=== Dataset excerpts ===
*** Begin section ***

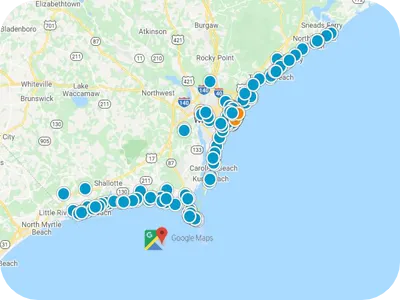 Interactive Map Search image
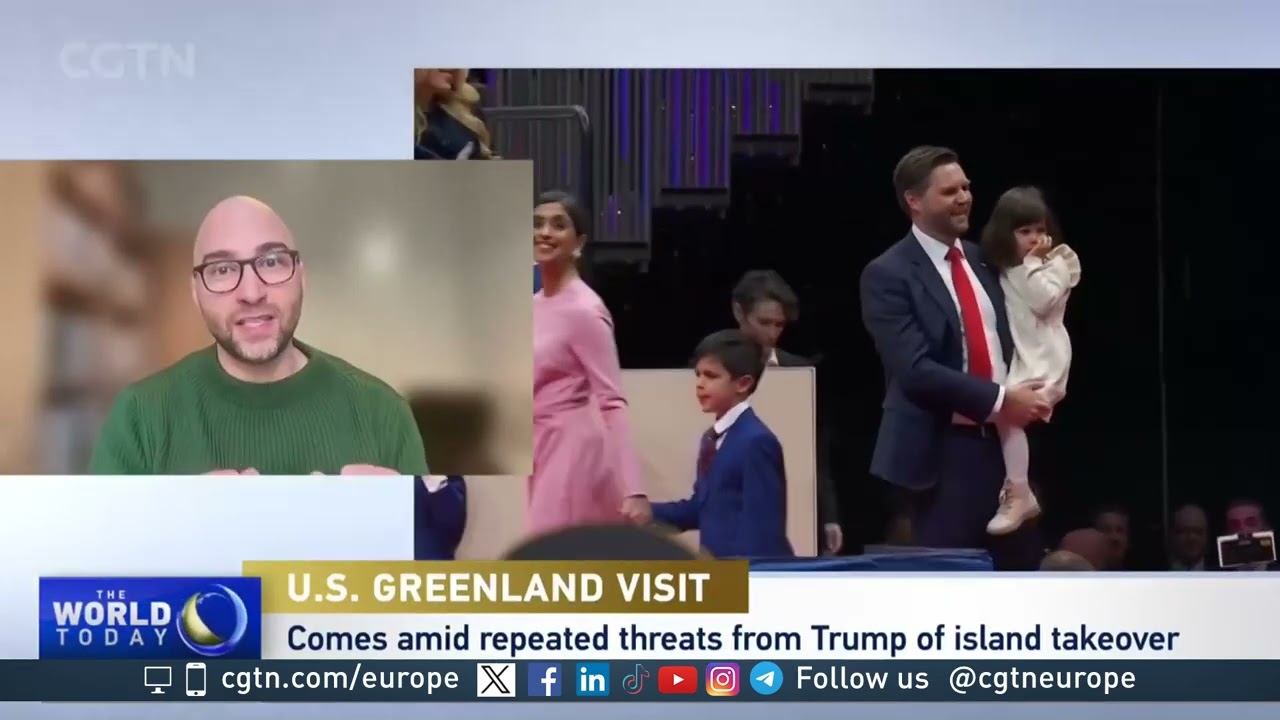 Vance's Greenland Visit: US Military Base & Independence Concerns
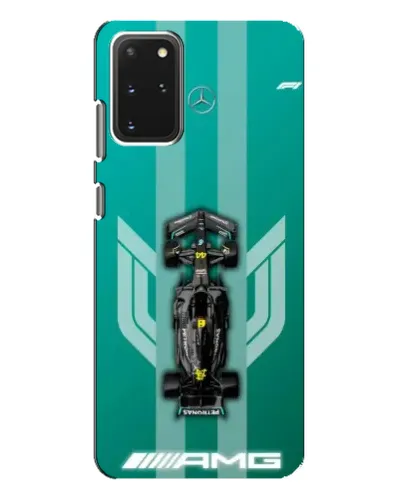 Чехол для Samsung Galaxy S20 Plus с картинкой «Mercedes AMG Petronas»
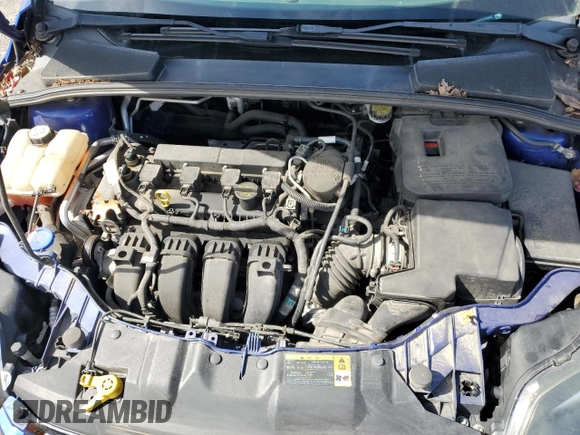2012 Ford Focus Titanium with VIN 1FAHP3N23CL262467, listed as a Copart auction lot 50095155 with 97,785 mi miles and Salvage Title. Bid and sale history available at carsss.com. Image 11.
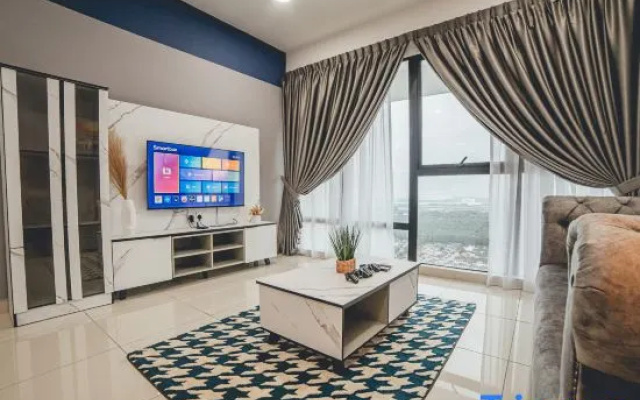 JB Mosaic Southkey Modern Sence 3BR 8pax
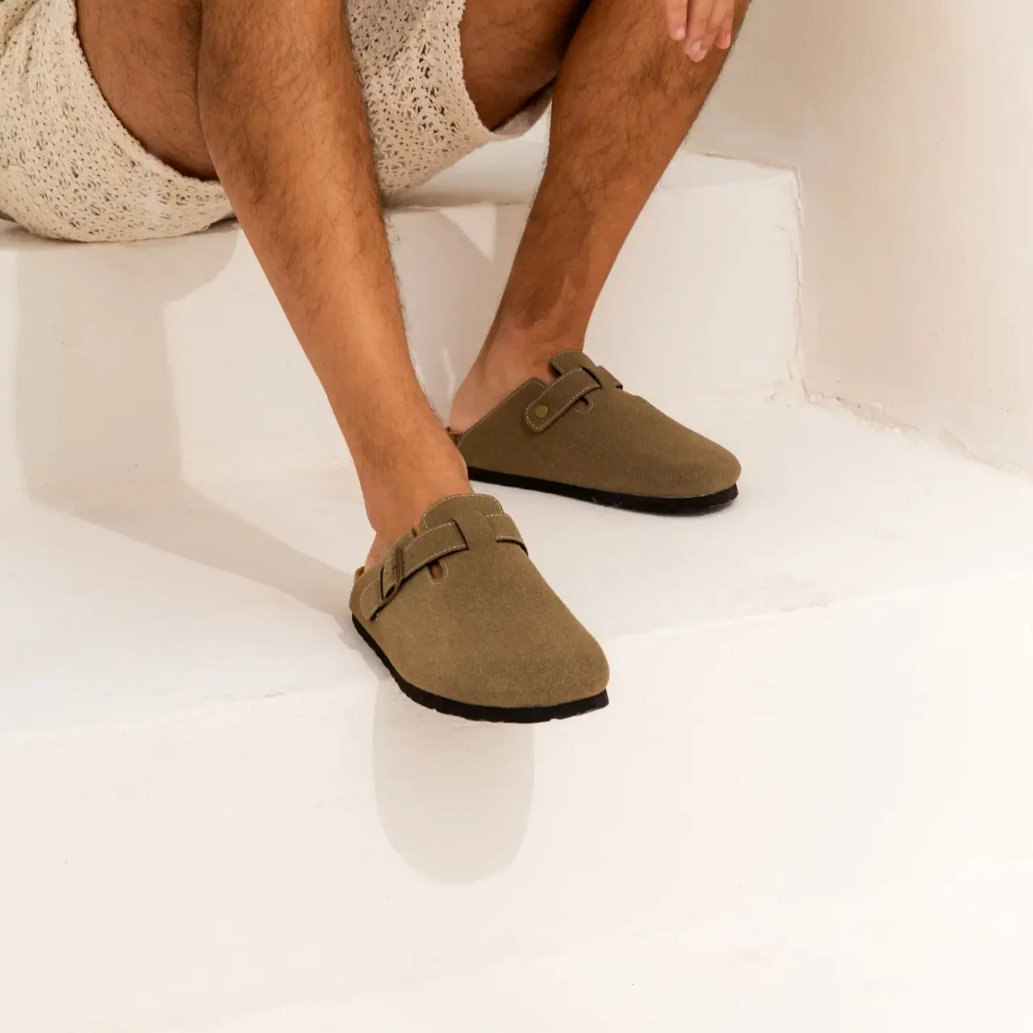 Clog - Verde Musgo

*** End section ***

=== TASK BRIEF ===
Extract word for word every line from the line that contains "2012 Ford Focus" to the final line of the data, both included, and nothing else; skip the pictures.

=== ANSWER ===
2012 Ford Focus Titanium with VIN 1FAHP3N23CL262467, listed as a Copart auction lot 50095155 with 97,785 mi miles and Salvage Title. Bid and sale history available at carsss.com. Image 11.
 JB Mosaic Southkey Modern Sence 3BR 8pax
 Clog - Verde Musgo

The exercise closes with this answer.